*** Begin section ***

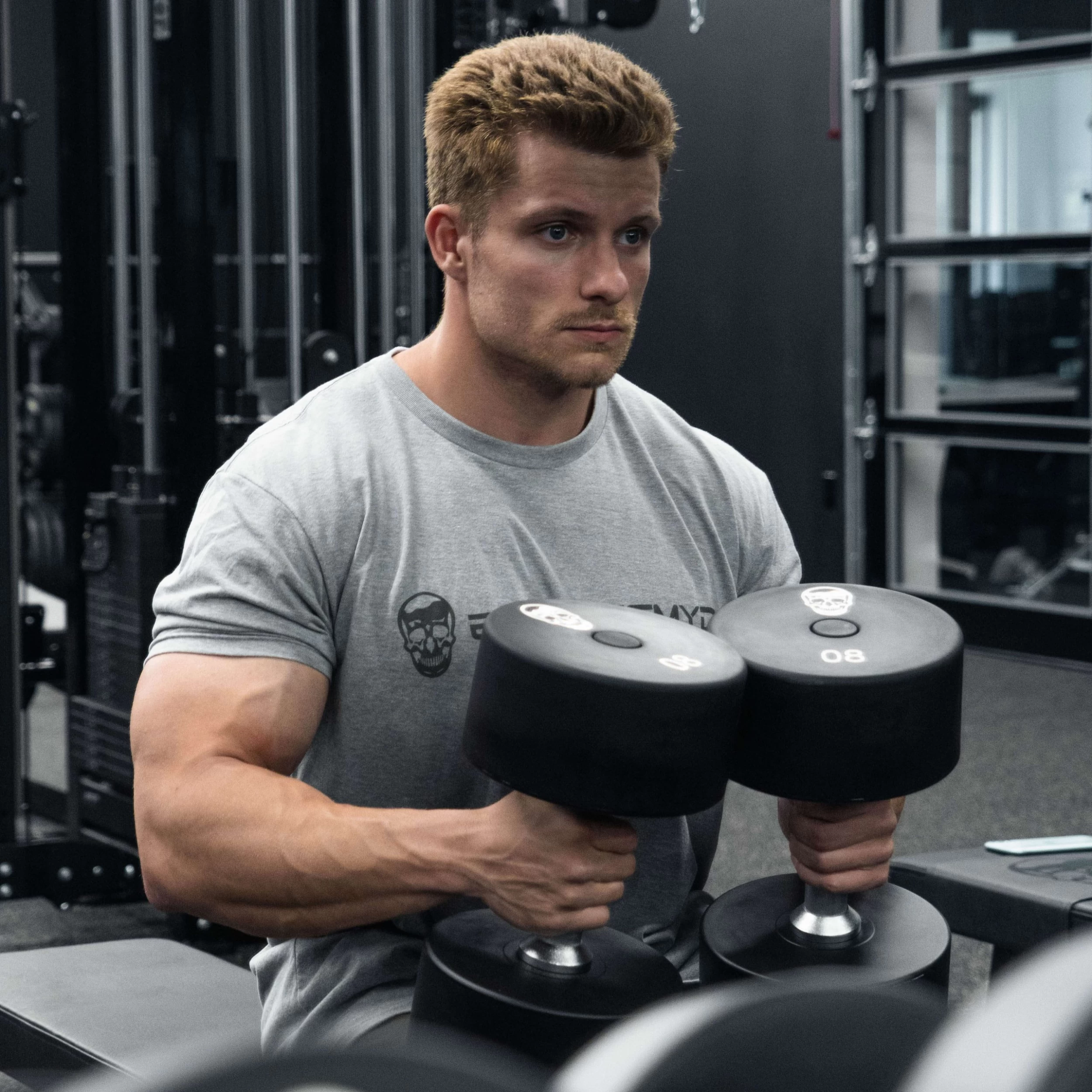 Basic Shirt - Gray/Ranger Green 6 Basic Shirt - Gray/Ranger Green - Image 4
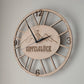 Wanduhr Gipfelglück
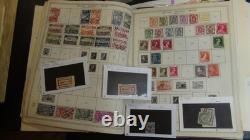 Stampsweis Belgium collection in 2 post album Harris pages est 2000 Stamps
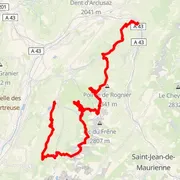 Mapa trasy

*** End section ***

Beginning with the line that contains "Stampsweis Belgium collection" and ending with the final line of the listing, return each line exactly. Omit all pictures.

## EXERCISE RESPONSE:
 Stampsweis Belgium collection in 2 post album Harris pages est 2000 Stamps
 Mapa trasy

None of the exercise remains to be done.